══ GIVEN RECORDS

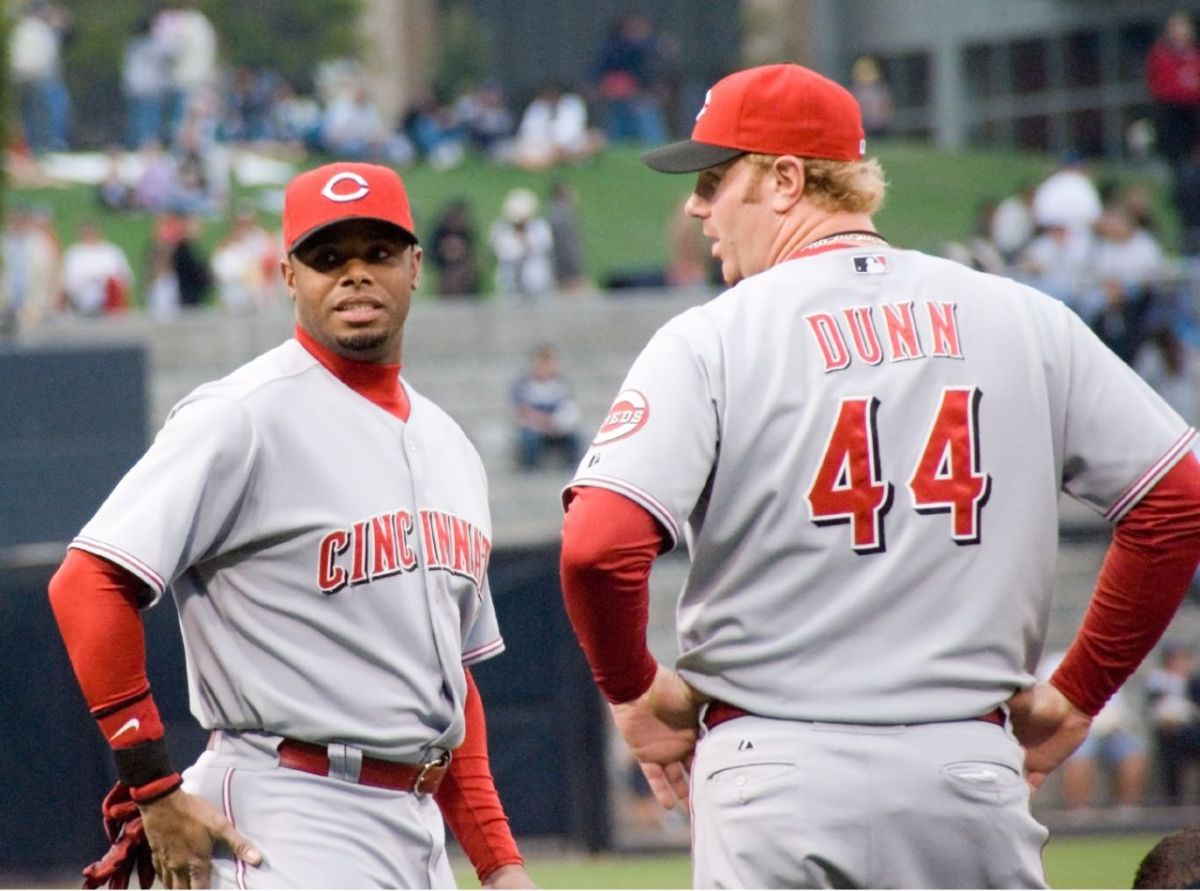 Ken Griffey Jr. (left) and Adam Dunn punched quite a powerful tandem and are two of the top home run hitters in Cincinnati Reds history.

════
══ GIVEN RECORDS

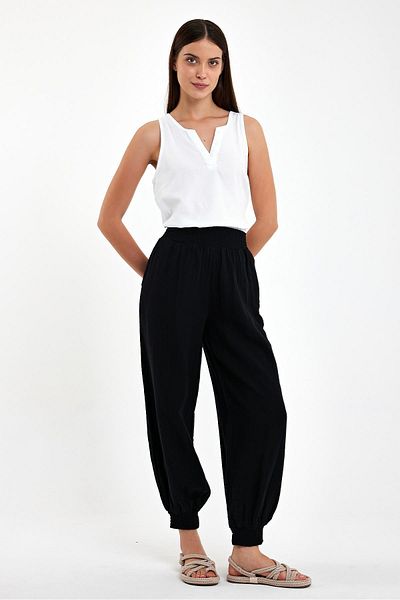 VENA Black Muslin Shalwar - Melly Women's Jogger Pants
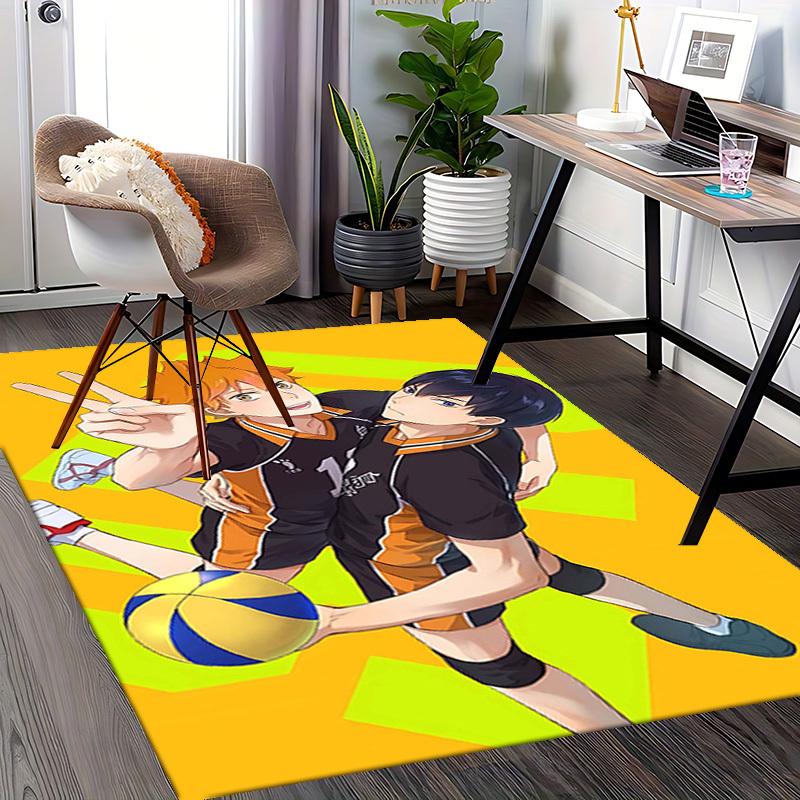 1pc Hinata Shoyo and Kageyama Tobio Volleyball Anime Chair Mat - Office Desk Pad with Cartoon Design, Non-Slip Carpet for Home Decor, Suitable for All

════
══ GIVEN RECORDS

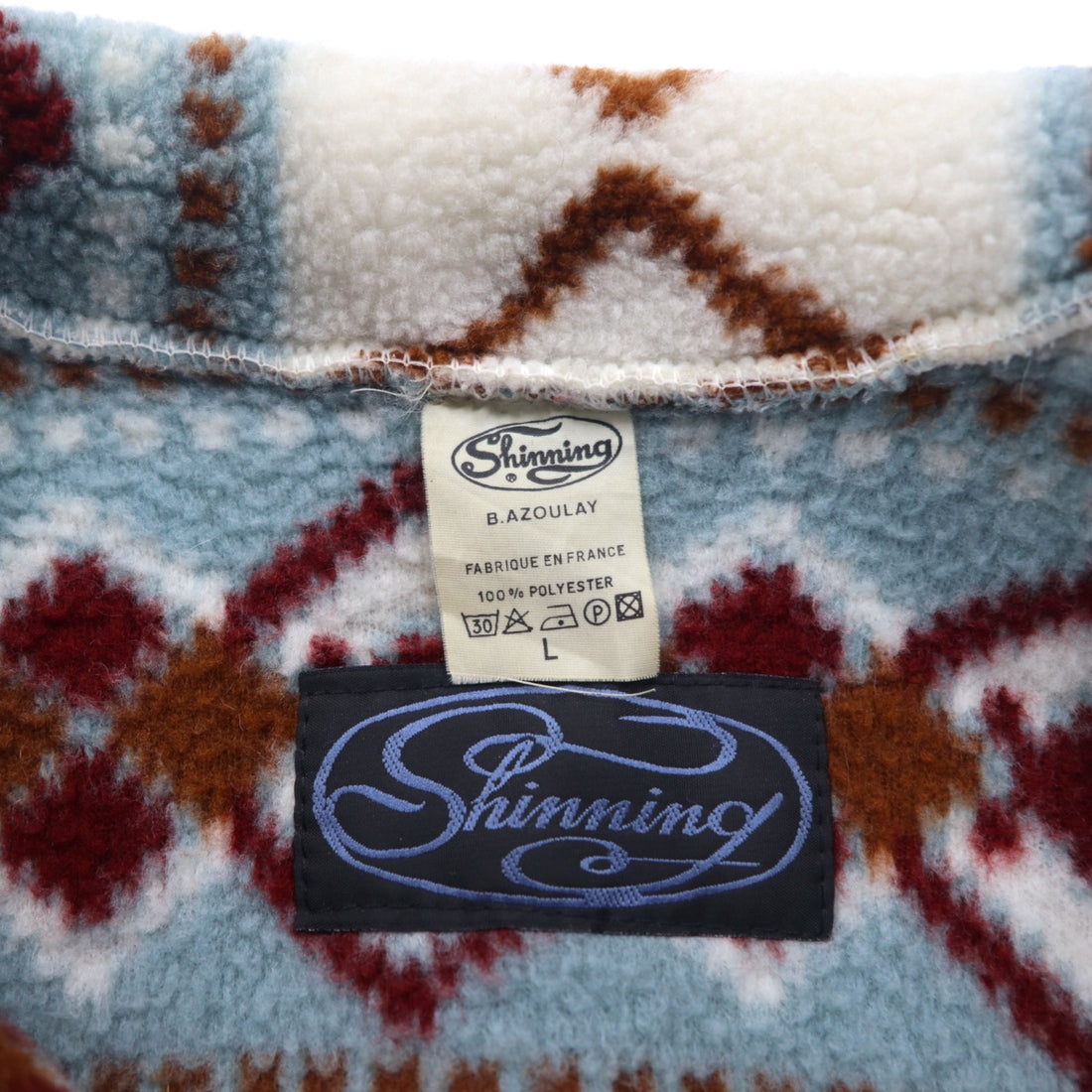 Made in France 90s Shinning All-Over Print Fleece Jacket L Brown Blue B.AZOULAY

════

ABOUT THIS EXERCISE →
In the records above, find the line with "VENA Black Muslin" and the line with "1pc Hinata Shoyo". Write out exactly those lines and every one between, with no pictures and no other lines.

WRITTEN RESPONSE →
 VENA Black Muslin Shalwar - Melly Women's Jogger Pants
 1pc Hinata Shoyo and Kageyama Tobio Volleyball Anime Chair Mat - Office Desk Pad with Cartoon Design, Non-Slip Carpet for Home Decor, Suitable for All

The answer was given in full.